- WHAT IS REQUIRED: All that is wanted is the lines from the first line of the listing below through the line containing "Кожаная маска Art of Sex - Lucifer Black", written out exactly with pictures left out.
┌─ PROVIDED RECORDS
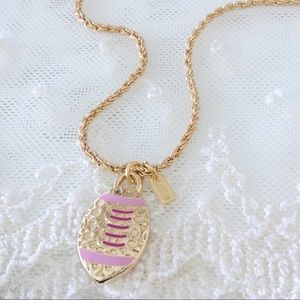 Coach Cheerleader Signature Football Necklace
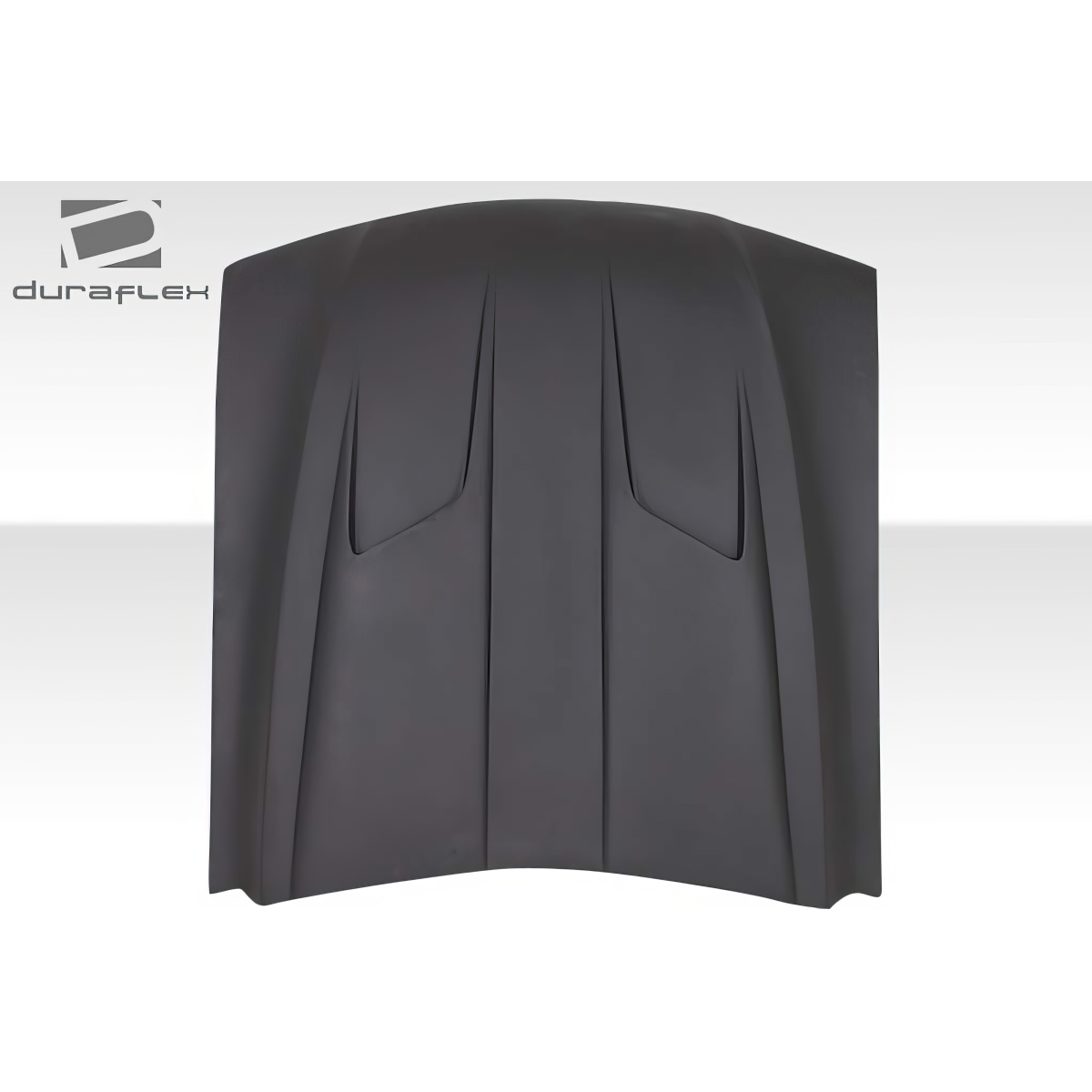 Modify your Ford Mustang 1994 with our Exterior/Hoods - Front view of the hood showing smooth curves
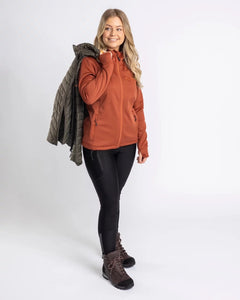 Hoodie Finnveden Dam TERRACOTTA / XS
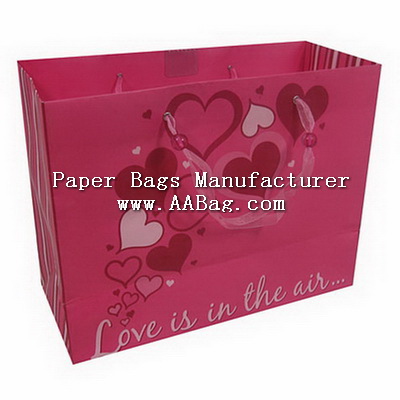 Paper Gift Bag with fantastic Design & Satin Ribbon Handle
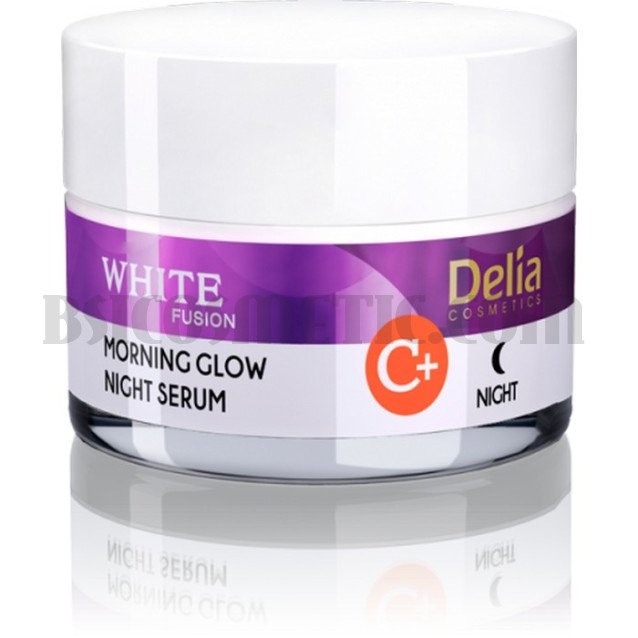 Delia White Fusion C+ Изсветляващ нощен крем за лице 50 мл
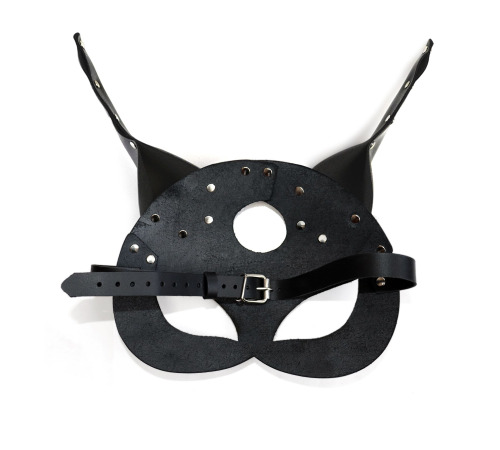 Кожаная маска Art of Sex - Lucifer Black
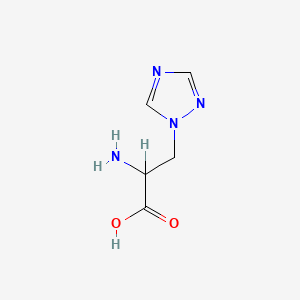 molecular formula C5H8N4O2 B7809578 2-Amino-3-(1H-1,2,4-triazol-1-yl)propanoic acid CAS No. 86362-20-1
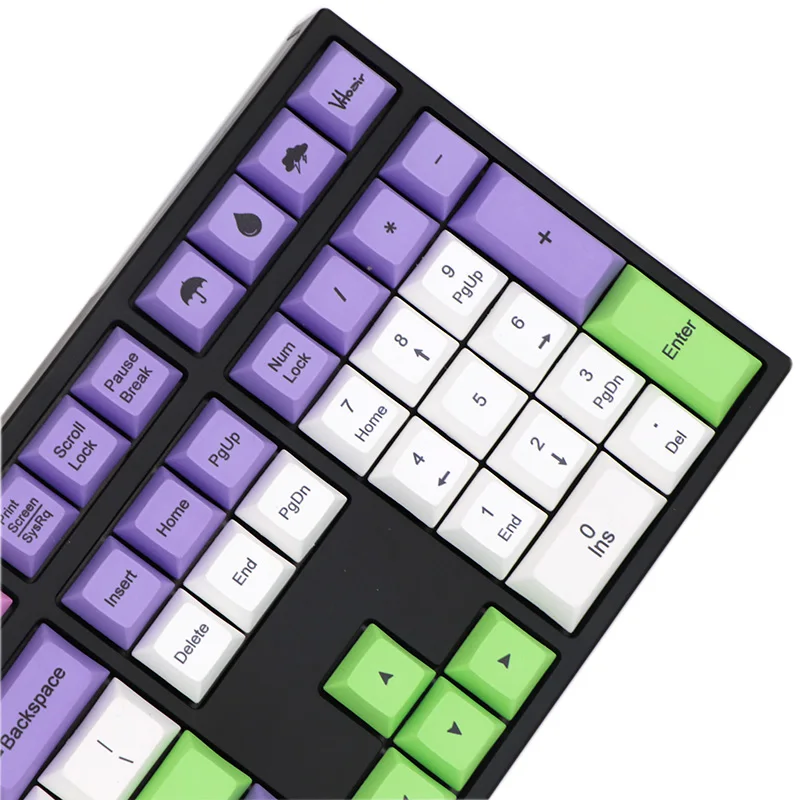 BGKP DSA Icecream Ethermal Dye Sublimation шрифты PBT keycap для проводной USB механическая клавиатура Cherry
└─
- ANSWER FOR THIS EXERCISE:
 Coach Cheerleader Signature Football Necklace
 Modify your Ford Mustang 1994 with our Exterior/Hoods - Front view of the hood showing smooth curves
 Hoodie Finnveden Dam TERRACOTTA / XS
 Paper Gift Bag with fantastic Design & Satin Ribbon Handle
 Delia White Fusion C+ Изсветляващ нощен крем за лице 50 мл
 Кожаная маска Art of Sex - Lucifer Black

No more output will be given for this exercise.